Quel est le vrai sens du jeûne ? Celui qui permet de tendre l’oreille et l’âme vers Dieu ? S’il faut prendre un seul modèle, saint Antoine le Grand (vers 251‑356) appelé aussi "saint Antoine du désert" s’impose. Ascète et ivre de Dieu, comme de nombreux anachorètes aux premiers siècles du christianisme, saint Antoine se retire dans le désert pour trouver dans le silence et la solitude les conditions idéales d’union à Dieu.
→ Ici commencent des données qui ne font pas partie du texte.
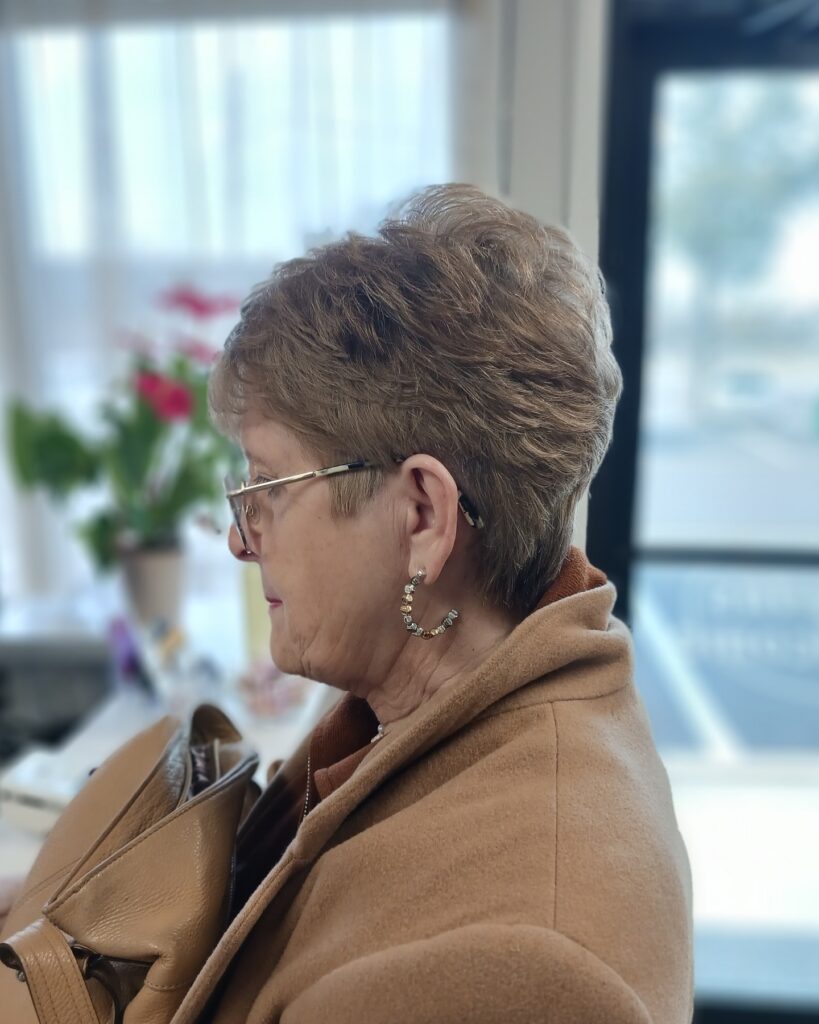 A side profile of a woman with an ash brown pixie cut featuring soft swept-back layers and volume at the crown.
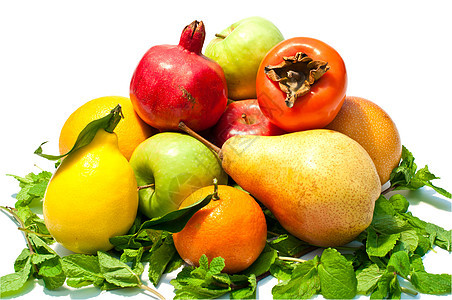 有很多不同的水果和绿色叶子 在白色背景的白背景下热带纤维柿子饮食石榴活力坚果甜点柠檬果味图片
Cet Égyptien, né dans une famille aisée, prend la décision de quitter la ville de Koma, près de Memphis, où il a grandi, pour vivre les Évangiles dans l’imitation du Christ – par le jeûne, l’ascèse et la prière. Comme le Christ, c’est donc au désert qu’Antoine souhaite aller éprouver sa foi. Car le désert est le lieu des tentations. Il décide, malgré le sentiment de folie qui le traverse, la chaleur infernale du soleil et la fatigue extrême, de résister aux visions imposées par Satan : "Je vis tous les filets du diable déployés sur la terre". Ce dernier s’efforce à le distraire de ses prières en le poussant à renoncer en esprit au jeûne auquel il s’astreint et, en rêve, à se vautrer dans la goinfrerie… Mais n’est-ce pas justement le sens même du jeûne que de s’entraîner à combattre les passions qui assaillent l’esprit ?
Une sagesse de vie
Pour saint Antoine, le jeûne ne doit jamais être considéré comme une fin en soi. C’est le Christ qui, vivant lui, est vainqueur des tentations, c’est le Christ qui agit en lui quand il chasse les démons. Le salut vient de Dieu ; les dons d’Antoine témoignent tout simplement de ce salut. Comme il l’explique lui-même en donnant ce conseil précieux :
"Garde ce que je te commande : où que tu ailles, aie toujours Dieu devant les yeux ; quoi que tu fasses, aie le témoignage des Saintes Écritures ; et en quelque lieu que tu te tiennes, n’en bouge pas facilement. Garde ces trois choses et tu seras sauvé".